Many people have slated Enterprise, saying it has detached itself from the values of Star Trek. It's interesting to note thast this is the only spin off that does not have "Star Trek" in the title. Like all spin offs, the opening credits say: "Based on Star Trek, created by Gene Roddenberry".
Too much is made of this so called degredation of the ideals. The missing Star Trek in the title is very telling. This is not about Star Trek, ie the Federation, but about mankind's earliest exploration of space7. Without a Federation for guidance and support, the Enterprise is alone in space, often encountering situations that they have not trained for.
Enterprise is set in the not too distant future, and only 100 years after humans made their first contact with an alien species, the Vulcans. Sinve then, they have made more first contacts with alien species, but are still limited to a small area of the galaxy due to their primitive and inefficient warp drives. The Enterprise has the first warp 5 engine, the fastest that humanity has. Since no species appears to have gone much faster than warp 7, this is an impressive engine that thrusts humans into the galactic fore-front.

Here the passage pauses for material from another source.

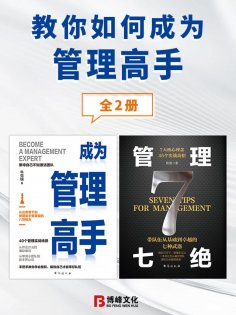 eBook: 教你如何成为管理高手（全2册）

One of the ideas behind the show is that humans have effectively been given a huge quantum leap in their technology levels. Poverty, disease, crime, war have all been wiped out in the space of a single person's lifespan. They have gone from being trapped in their own solar system, to explorers of the galaxy. The show does offer hope, as the characters are coping with this well.
Enterprise offers an interesting glimpse into where familiar technology, ideology and concepts come from. For example, the famous non-interference directive is shown to be a Vulcan principle.